Mireille's Journey To Health


Beating The Dreaded Athlete’s Foot

Athletes Foot

For the most part, working out and getting sweaty has its perks.  Your body gets leaner and more attractive.  Your bones and muscles get stronger, and you feel happier.  There’s a few… er… not so good things that can happen, too.  Let’s talk about the dreaded, nasty, itchy, annoying athlete’s foot (tinea pedis). 

The dreaded athlete’s foot

One of the downsides to hanging out in the gym, locker room is your exposure to the highly contagious, athlete’s foot.  It doesn’t only affect athletes either.  Just hanging out at the community pool barefoot is all it takes for that annoying itch and burn to set in.  It’s the worst itch ever!  It typically effects the soles of your feet or in between your toes.  The itch is so extreme, you just want to scratch your skin right off!

It’s a vicious cycle

I should mention, athlete’s foot is not the only rash to affect a person’s feet.  If you’ve never had athlete’s foot before, and you suspect you do, you may want to get it checked out by your doctor.  Unfortunately, those who have had it are more likely to get it again.

What is it?

Athlete’s foot is a rash caused by fungus.  Once you come into contact with the fungus, it starts to grow on your skin.  It thrives in warm, moist areas, hence, the gym locker room or the community pool.  You walk by, barefoot, and it makes a home on your foot.  For example, between your toes and on the bottom of your moist, sweaty feet, due to your moist, sweaty gym shoes or work boots.  Or, putting your socks on without properly drying your feet.  Always dry your feet before putting your socks on, and if your feet get sweaty, change your socks.

Symptoms Include:

  • Itching
  • Burning
  • Peeling
  • Scaling
  • Redness
  • Cracking
  • Blistering (less common)
  • Bleeding (less common)

Highly contagious

Most people only experience itching and burning.  Sometimes peeling and cracking.  Blistering and bleeding occur in more severe cases.  There are different types of athlete’s foot, but basically, it’s a fungus.  Unfortunately, it is a highly contagious fungus.  Beware of locker rooms and pools.  With so many bare feet, and moisture all over the ground, these are the most common places to contract athlete’s foot.  Wear shower shoes or flip flops.  Keep a barrier between you and any public walking surface.  For example, wear socks while going through airport security.

Totally treatable

If you do happen to get it, don’t panic.  There are ways to treat it.  Be thorough, though, because if you don’t kill the fungus, it will come back.

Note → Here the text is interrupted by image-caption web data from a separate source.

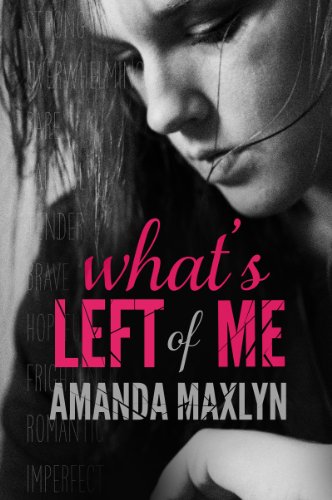 What's Left of Me by Amanda Maxlyn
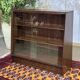 1970s GPlan mahogany display cabinet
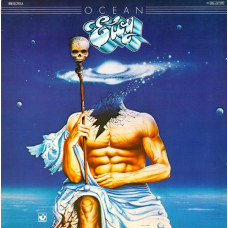Eloy – Ocean (LP) 1977 Almanya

  • Keep the infected area clean and dry.
  • When at home, wear socks without shoes.  Shoes hold moisture in.
  • Expose your feet to fresh air and sunlight.
  • Powders can help keep your feet dry.  Medicated powders are great.
  • Soak feet in water and vinegar (1 part vinegar to 4 parts water, 10 minutes).
  • Soak feet in water with a small amount of Clorox bleach (1/4 cup Clorox bleach to a full bathtub of water).
  • Soak feet in water and tea tree oil (40 drops of tea tree oil to one foot bath of water).
  • Rub fresh garlic on your feet, eat more garlic, as well.
  • Rub fresh ginger on your feet.
  • Rub your feet with grapefruit-seed extract (full strength) 2-3 times each day.
  • Spray colloidal silver water on feet.
  • You can purchase medicated antifungal washes, ointments, creams, and sprays.
  • In advanced and resistant cases, oral antifungal medication may be prescribed.

Those with high-risk immune-related diseases and conditions should seek medical help

Not only is athlete’s foot contagious from person to person, but left untreated, it can spread to other parts of the body.  For people with diabetes, HIV/AIDS, cancer, and other immune-related illnesses, it can have more dangerous consequences, so it’s best to see your doctor right away.